* **What the task requires**:
The required output is the lines below from the line containing "Evansville, IL Map of Murder Rates" to the line containing "MeMore Cool Kids", inclusive, retyped exactly. No other lines belong in it.
*** Excerpted data Section Begins ***
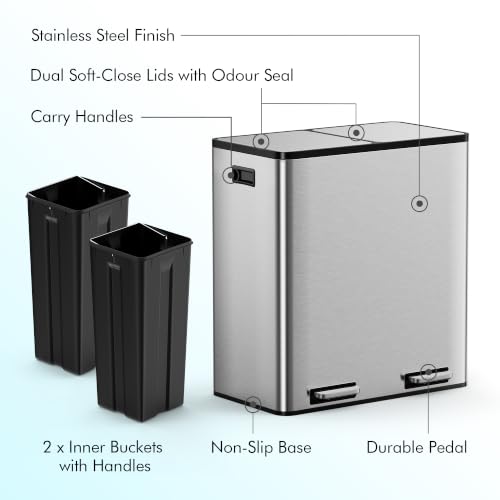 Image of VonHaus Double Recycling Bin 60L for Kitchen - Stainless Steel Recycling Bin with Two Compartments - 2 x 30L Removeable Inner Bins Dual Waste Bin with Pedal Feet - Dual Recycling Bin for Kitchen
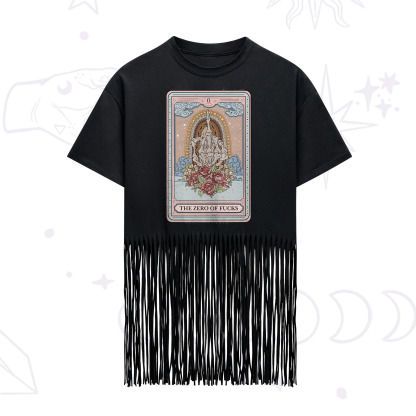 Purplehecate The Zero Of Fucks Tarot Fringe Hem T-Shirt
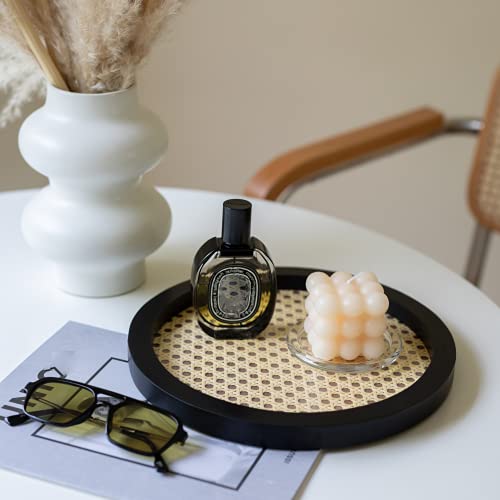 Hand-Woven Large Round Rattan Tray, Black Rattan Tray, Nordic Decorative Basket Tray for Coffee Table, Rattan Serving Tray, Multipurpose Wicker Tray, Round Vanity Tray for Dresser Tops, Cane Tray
*** Excerpted data Section Ends ***
*** Excerpted data Section Begins ***
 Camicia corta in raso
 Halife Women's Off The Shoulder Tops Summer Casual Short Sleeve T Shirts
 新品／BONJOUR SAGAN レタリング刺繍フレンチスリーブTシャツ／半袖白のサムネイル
*** Excerpted data Section Ends ***
*** Excerpted data Section Begins ***
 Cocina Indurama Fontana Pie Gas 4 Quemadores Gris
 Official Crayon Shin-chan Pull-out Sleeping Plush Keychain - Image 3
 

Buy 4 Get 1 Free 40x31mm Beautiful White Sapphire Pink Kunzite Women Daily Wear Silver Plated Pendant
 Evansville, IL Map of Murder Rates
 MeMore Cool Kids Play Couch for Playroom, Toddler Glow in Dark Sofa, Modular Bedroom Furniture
*** Excerpted data Section Ends ***
* **Task output**:
 Evansville, IL Map of Murder Rates
 MeMore Cool Kids Play Couch for Playroom, Toddler Glow in Dark Sofa, Modular Bedroom Furniture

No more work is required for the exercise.